Hermes ist eine günstige Alternative zur DHL, dem Logistik und Postkonzern, der zur DHL Group gehört. Die DHL Group vereint Deutsche Post und DHL mit Sitz in Bonn. Doch nun scheint Hermes den Status als Alternative zu verlieren. Denn vor einigen Wochen drehte der Konzern wieder an der Preisschraube und die Kosten für dich als Kunde sind gestiegen. Die neue Preisstruktur ist für alle bindend, die ihre Paketscheine digital erstellen und anschließend ihre Post ins Geschäft bringen. Die größten Preissprünge sind bei kleinen Sendungen im Inland und bei Versandmöglichkeiten ins europäische Ausland zu verzeichnen. Dabei ist es gerade erst ein Jahr her, dass Hermes seine Preise nach oben korrigiert hat. Welche Tarife jetzt gelten.
Was kosten Päckchen und Pakete?
Hermes hat die Preise für Pakete und Päckchen zum 1. März angepasst. Ein Päckchen stieg im Preis um 20 Cent von 3,70 Euro auf 3,99 Euro. Für ein kleines Paket im Format S musst du 4,89 Euro bezahlen, vorher waren es 4,50 Euro. Die Tarife für alle anderen Paketformate bleiben gleich.
Die Preiserhöhungen gelten aber nicht nur für Pakete und Päckchen im Inland, sondern auch im Ausland. So kostet ein S-Paket innerhalb der EU jetzt 14,49 Euro statt 13,99 Euro.

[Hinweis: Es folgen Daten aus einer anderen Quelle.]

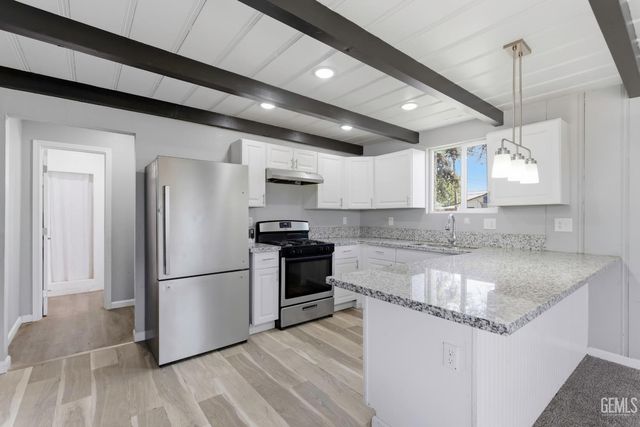 412 Olive Street, Bakersfield, CA 93304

Der Preis für ein Paket im Format M kletterte von 15,49 Euro auf 15,99 Euro. Beim Paket L erhöhte sich der Preis ebenfalls um rund 50 Cent, von 18,99 Euro auf 19,49 Euro.

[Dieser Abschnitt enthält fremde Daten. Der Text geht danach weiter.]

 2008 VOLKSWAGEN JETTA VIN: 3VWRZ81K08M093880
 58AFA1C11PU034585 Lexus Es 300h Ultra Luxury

Unser Spartipp: Womit du trotz der teureren Tarife noch ein paar Cent sparen kannst, solltest du deine benötigten Paketscheine online kaufen. Du zahlst drauf, wenn du dein Paket an der Haustür einem Boten übergibst oder den Schein erst im Geschäft drucken lässt.
Warum geht Hermes diesen Schritt
Alles wird teurer, aber warum erhöhte der Dienstleister schon wieder die Preise, wenn die letzte Preisanpassung gerade einmal ein Jahr her ist? Hermes begründet diesen Schritt mit höheren Kosten und steigenden Herausforderungen.
Die Kosten müssten daher an die Kunden herangetragen werden, um diese zu kompensieren. Anders funktioniere es laut Hermes nicht. Als Kunde bleibt dir nur, Preise zu vergleichen und nachzuschauen, wo du dein Paket am günstigsten verschicken kannst.
Dabei kann es ganz individuell sein, welcher Anbieter für eine bestimmte Sendung den niedrigsten Preis verlangt. Denn das ist immer abhängig von Format, Größe und Gewicht. Wenn du in Zukunft also Kosten sparen möchtest, vergleichst du die Angebote der verschiedenen Dienstleister und solltest du dich für Hermes entscheiden, druckst du den Versandschein online aus.